久しぶりの更新です。また嫌な季節になりました。年度末です。
なぜだか押せ押せでバタバタになってしまうのです、毎年。

特に、今年は、年明けからずっとある制作物にかかりきりでした。
小学生向け環境教育副教材です。
本格的な教材づくり、教育分野の仕事は初めてだったのですが、これが予想以上に手強くて。
どんなに噛み砕いて優しく書いているつもりでも、「子どもはわからない」とダメ出しされ、ある定義・用語・状況の説明を、普段何気なく使っている言葉を使わずに、別の言葉に置き換えて子どもにわかるように書くことって、何て難しいのだろうかと痛感しました。
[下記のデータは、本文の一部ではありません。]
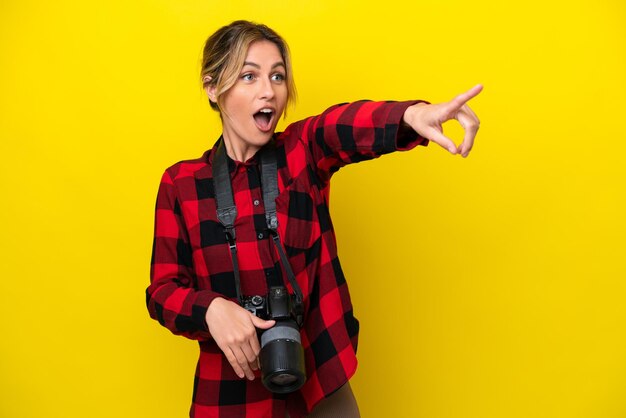 Mujer fotógrafa uruguaya aislada de fondo amarillo apuntando hacia otro lado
はるか昔の教育実習を思い出しつつ、教育現場の「今」もわからないまま四苦八苦しながら、1時間(45分)の学習指導案(授業例)も作成しました(もちろん、最終的には現役の先生のチェックをいただきましたが)。

しかし、最近の小学校の教科書には驚きました。
参考にしたのは小学4年生の「社会」の教科書だったのですが、私の時代に比べて文章が減っています。代わりに、同じ年頃の登場人物の会話が多用されており、それを読むことで思考や学習活動が促されるよう工夫されています。それはそれで、効果的なのかもしれませんが、私はどうも小4の教科書にしては「幼稚」な感じを抱きました。どらえもんのキャラクターたちが案内する誌面には、子どもに媚びる大人の姿が透けて見えるような気もしました。